By Lee Zimmerman
With their weary, heavy-lidded ambiance and yearning, hollow-eyed intonation, it’s not surprising to find Great Lake Swimmers’ songs sounding as lonely and desolate as the prairies of the cold north country from which the band hails. But while this Canadian combo makes an erstwhile attempt to evoke some homespun imagery, the view they offer is uniformly bleak and barren, a place where dreams and desires often seem desperately elusive and consistently out of reach.

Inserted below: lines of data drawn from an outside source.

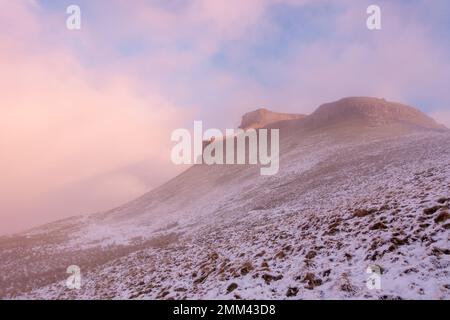 Guardando verso la cima del monte Pen-y-ghent all'alba nella neve d'inverno, la nebbia si chiarisce e la luce cattura la cima rocciosa dello Yorkshi Foto Stock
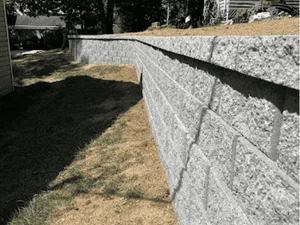 Gray split-face concrete retaining wall with staggered block courses and a level cap along a sloped lawn edge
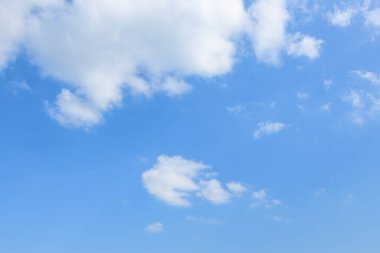 Yumuşak kümülüs bulutları canlı mavi bir gökyüzünde süzülerek havadar ve sakin bir zemin oluşturur. Parlak gün ışığı açıklık ve sükuneti arttırır..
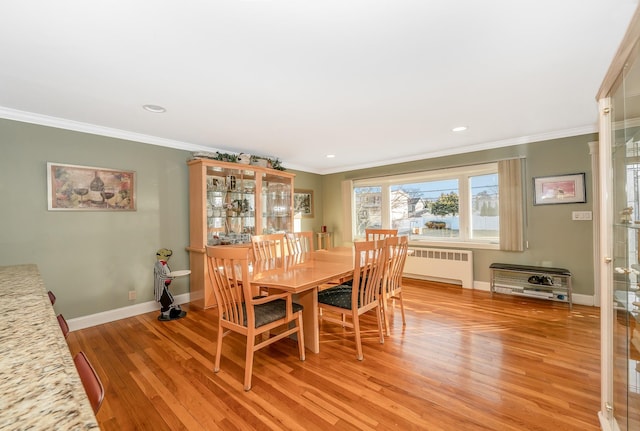 dining area featuring radiator, crown molding, and light wood-type flooring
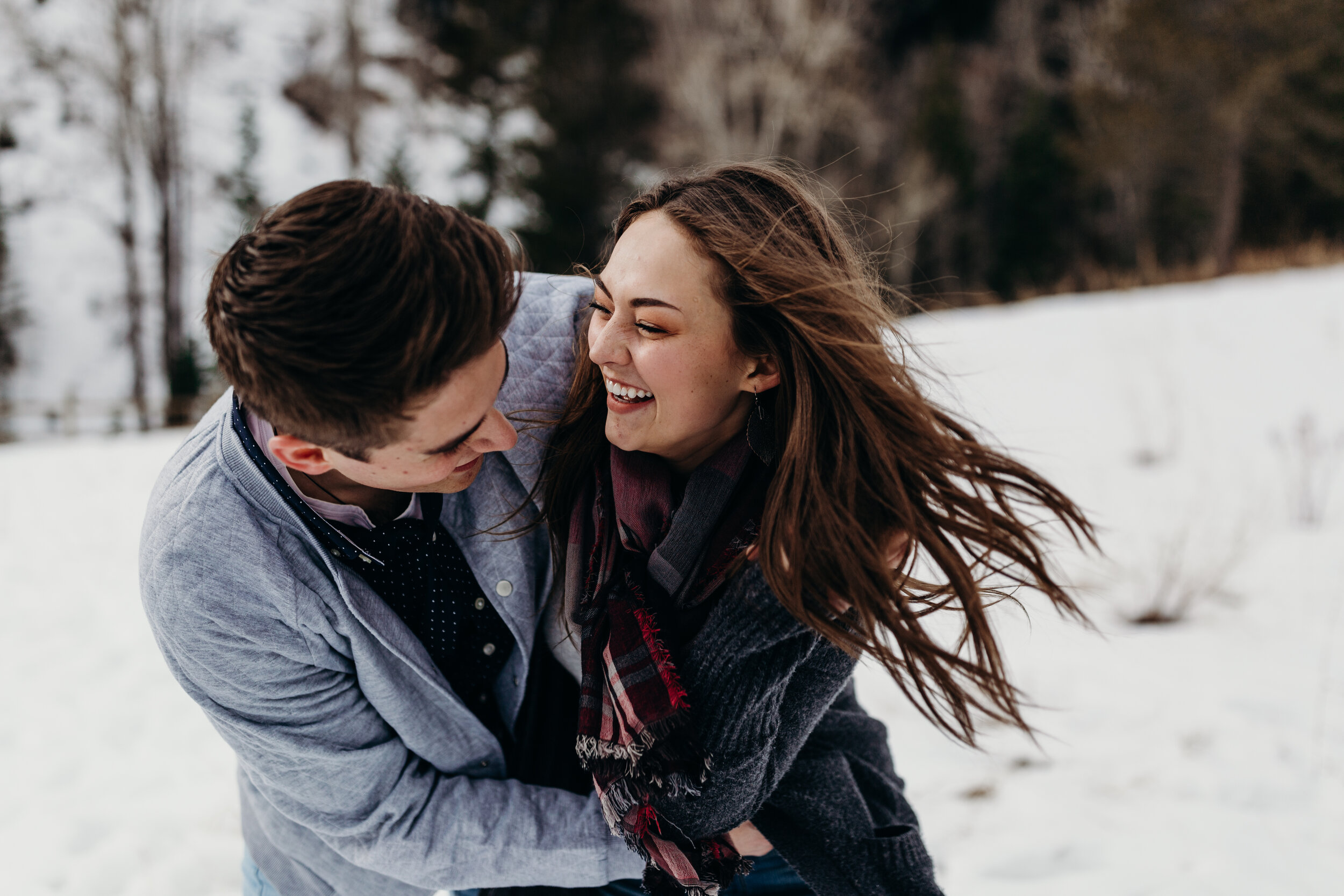 Adventurous snowy winter mountain engagements windy hair pine trees laughing couple shoot #coupleshoot #utahphotographer #weddingphotographer #engagements #engagementshoot #winterengagements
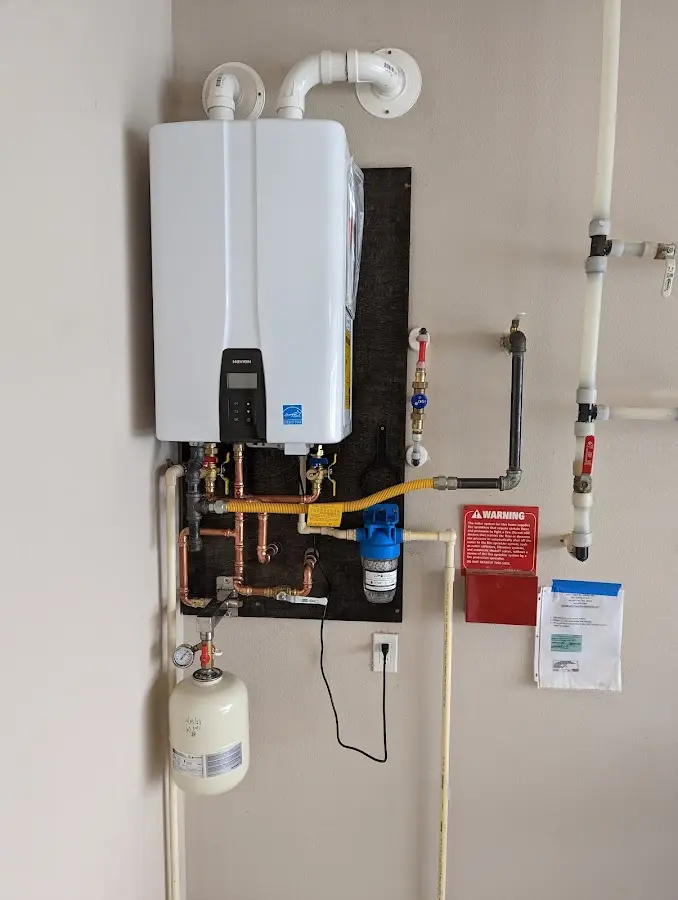 Professional plumber installing copper piping in a Dryden home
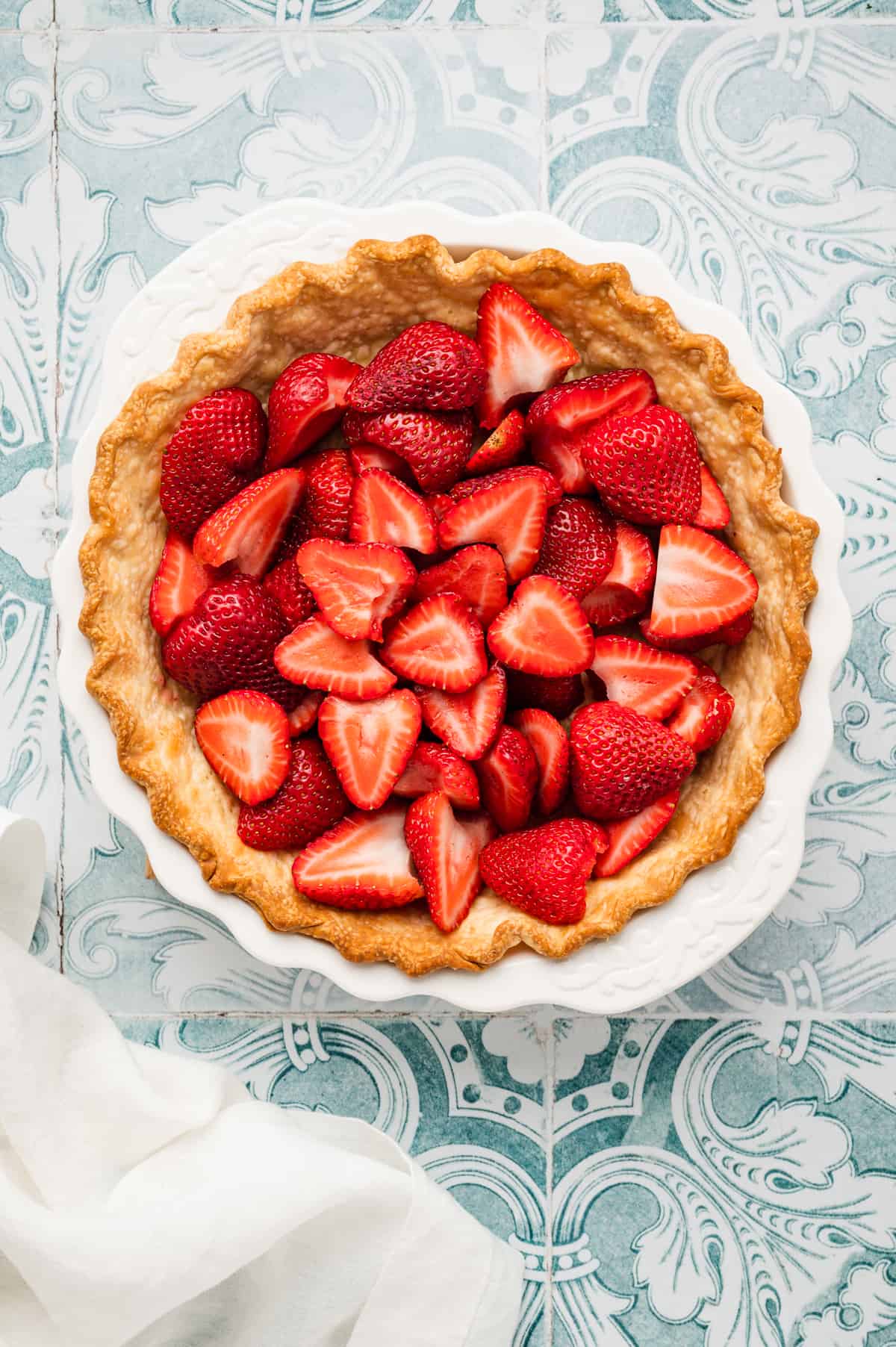 Adding prepared strawberries to crust in pie pan for Easy Strawberry Pie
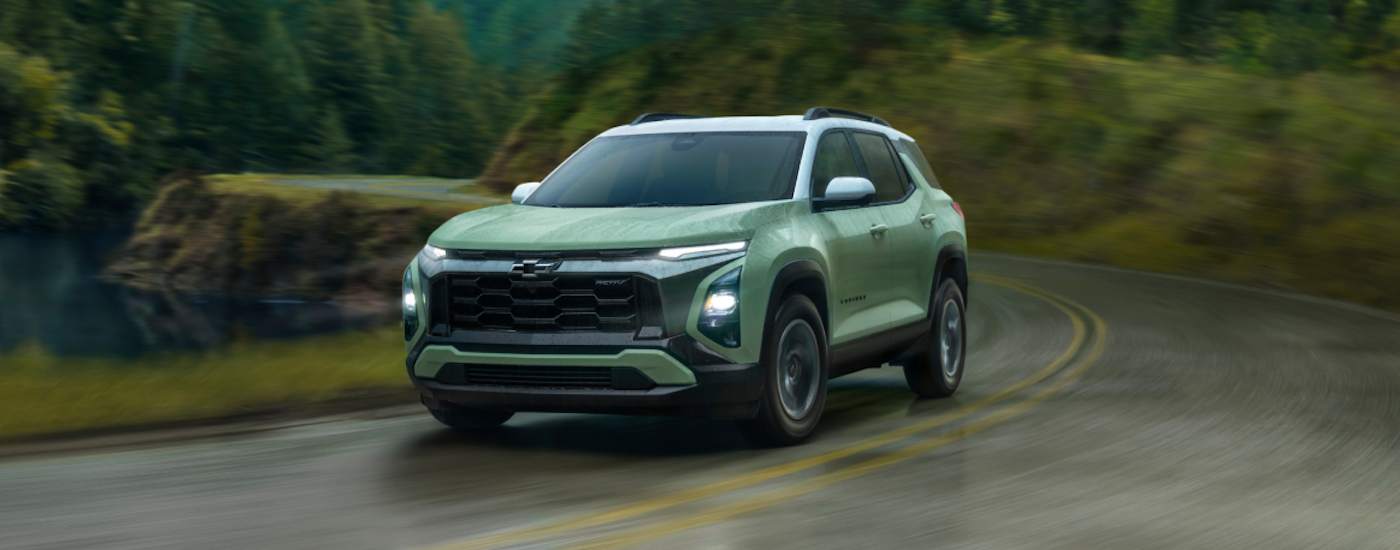 A green 2025 Chevy Equinox ACTIV driving around a bend from a dealer with a Chevy Equinox for sale near South Lyon.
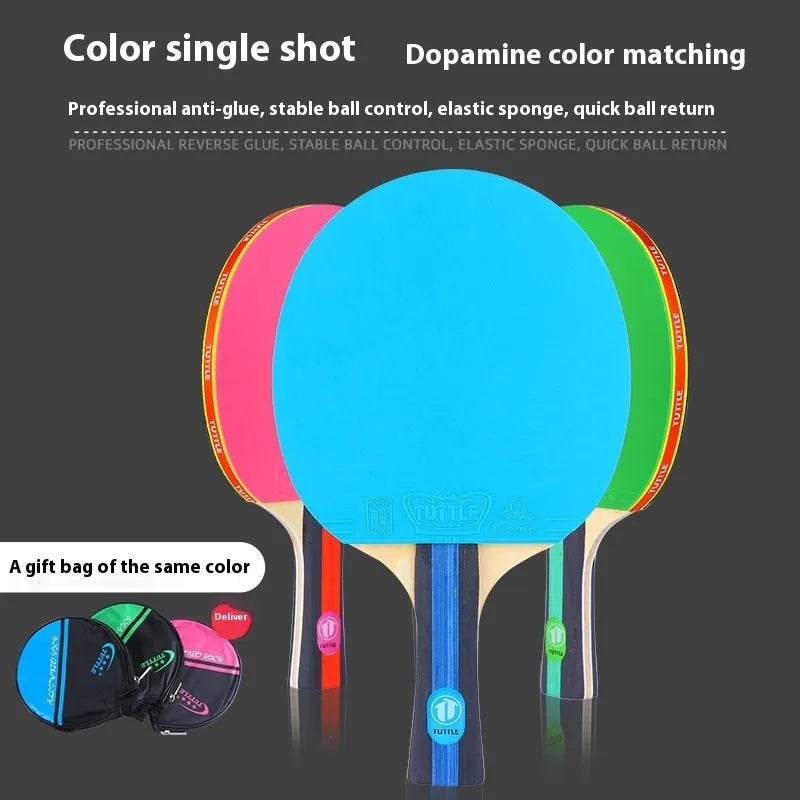 Blue, green, and pink shakehand grip table tennis rackets with matching racket covers laid out.
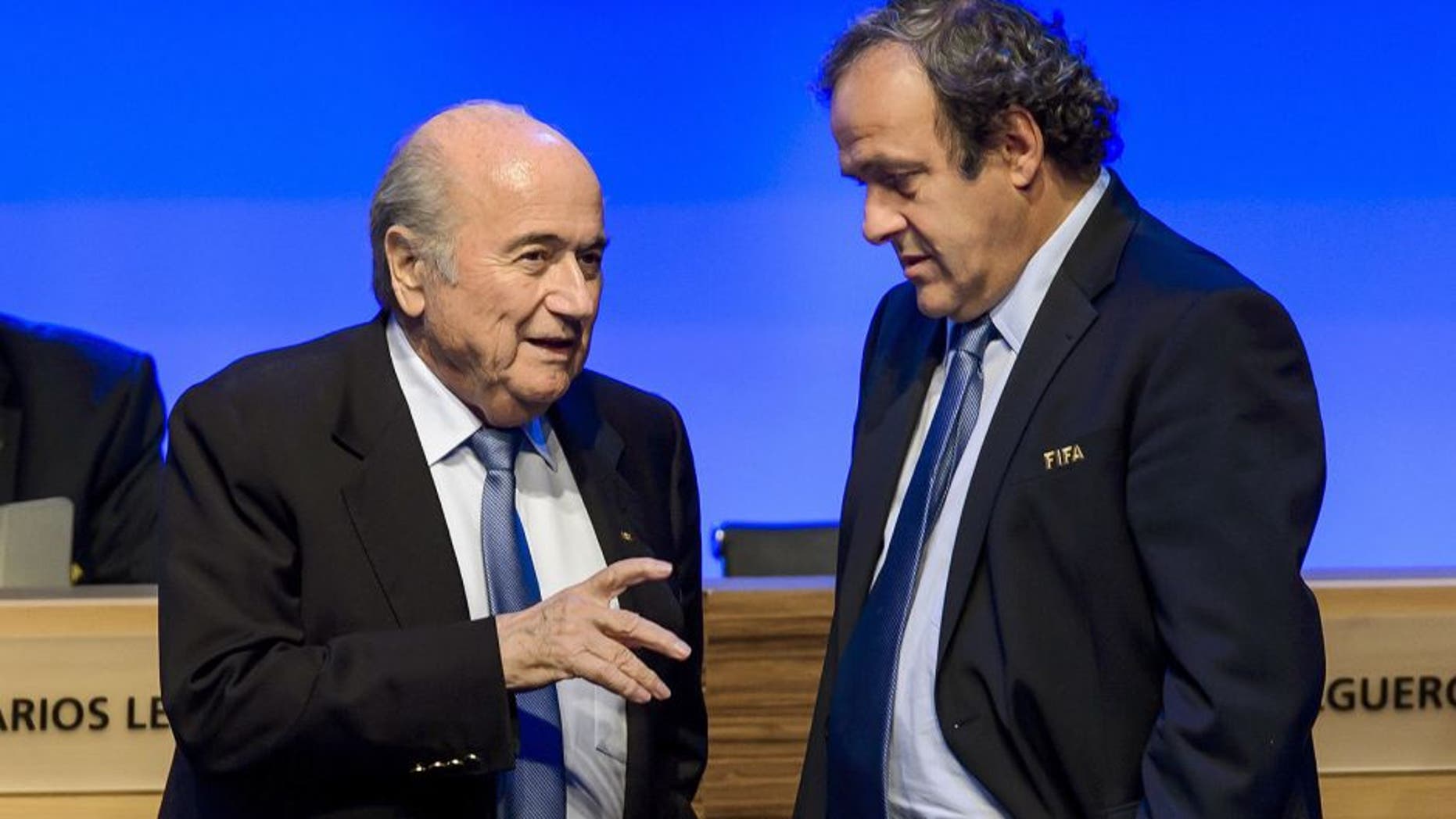 FIFA president Joseph Blatter talks to UEFA president Michel Platini during the 64th FIFA congress on June 11, 2014 in Sao Paulo, on the eve of the opening match of the 2014 FIFA World Cup in Brazil. AFP PHOTO / FABRICE COFFRINI (Photo credit should read FABRICE COFFRINI/AFP/Getty Images)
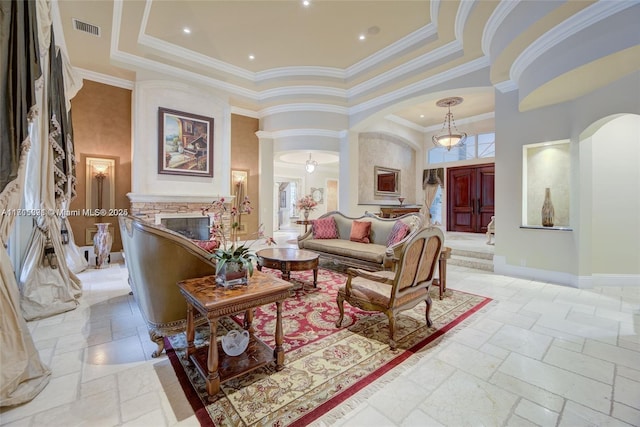 living area featuring arched walkways, visible vents, ornate columns, and stone tile flooring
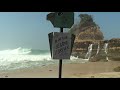 seconds of waves sweeping the coast of the southern coast of java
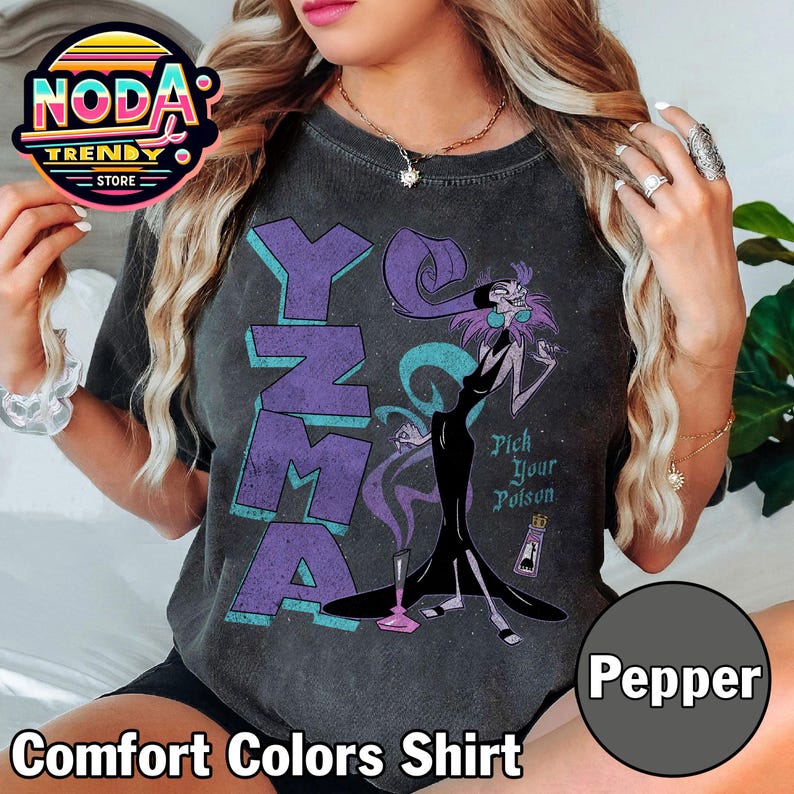 Pu&ograve; includere: Maglietta grigio scuro Comfort Colors con una grafica di Yzma da Le follie dell'imperatore. La maglietta presenta la parola "Yzma" in lettere viola e la frase "Pick Your Poison".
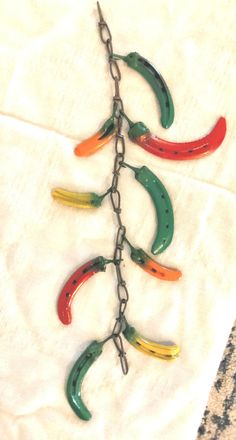 several colorful peppers hang from a metal chain on a piece of white fabric with a black hook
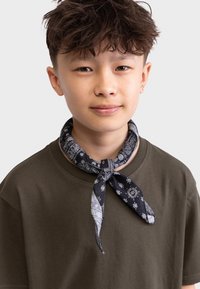 Schwarzes und graues Bandana Halstuch mit Paisley-Muster, vorne verknotet, getragen über einem olivgrünen T-Shirt mit Rundhalsausschnitt.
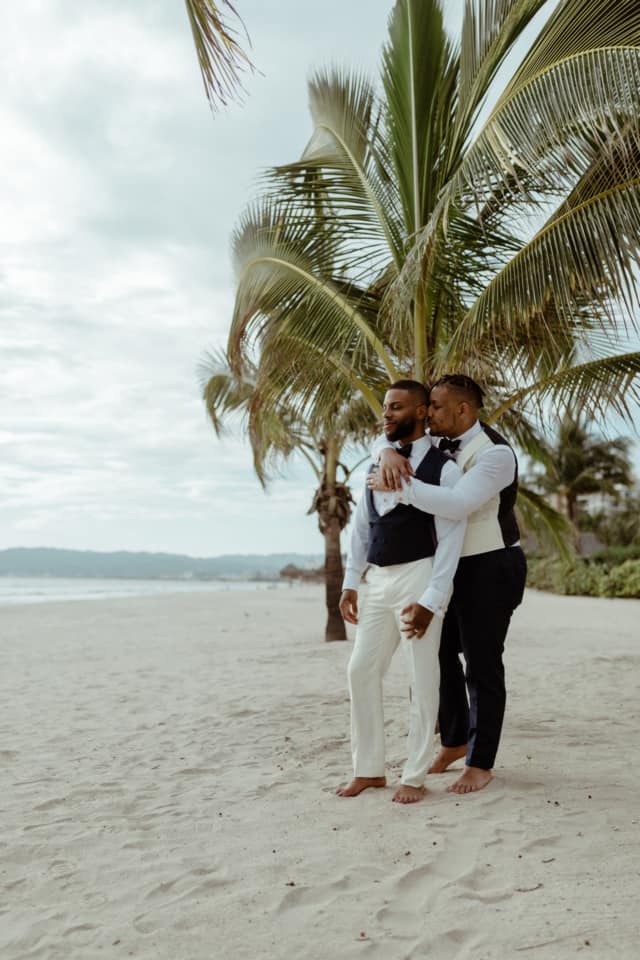 Two grooms are holding each other and standing on a beach at Puerto Vallarta.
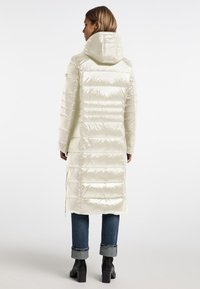 Lichtgekleurde, doorgestikte lange jas met capuchon, met een glanzende textuur en verticale stiksels. Gecombineerd met opgerolde denim en zwarte laarzen met hak.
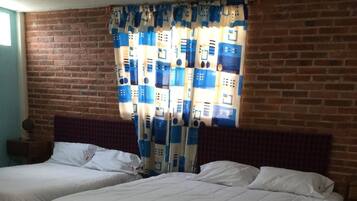 Una habitación con dos camas, una pared de ladrillo y una cortina de estampado geométrico.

They achieve this dreamy ambiance and overcast disposition by plying a sepia-tinged combination of gothic, folk-tinged arrangements — mostly banjo, acoustic guitars, autoharp and upright bass — to Tony Dekker’s hushed vocals and understated delivery.
Despite their frayed sadness, there’s an undeniable beauty pervading these subdued melodies — in the unassuming ramble of “Your Rocky Spine,” the gentle, steel-guitar sway of “I Became Awake” and the slow, steady advance of “Put There By The Land.” Still, most of these tunes struggle to maintain any hint of momentum at all, drifting as if quietly suspended in midair. Despite the sense of lethargy, the music’s still lovely, like background sounds for twilight contemplation.
As is the case with their first two albums, Ongiara may seem more an acquired taste. Nevertheless, those who desire apt accompaniment for quiet repose will find this set unobtrusive and yet affecting.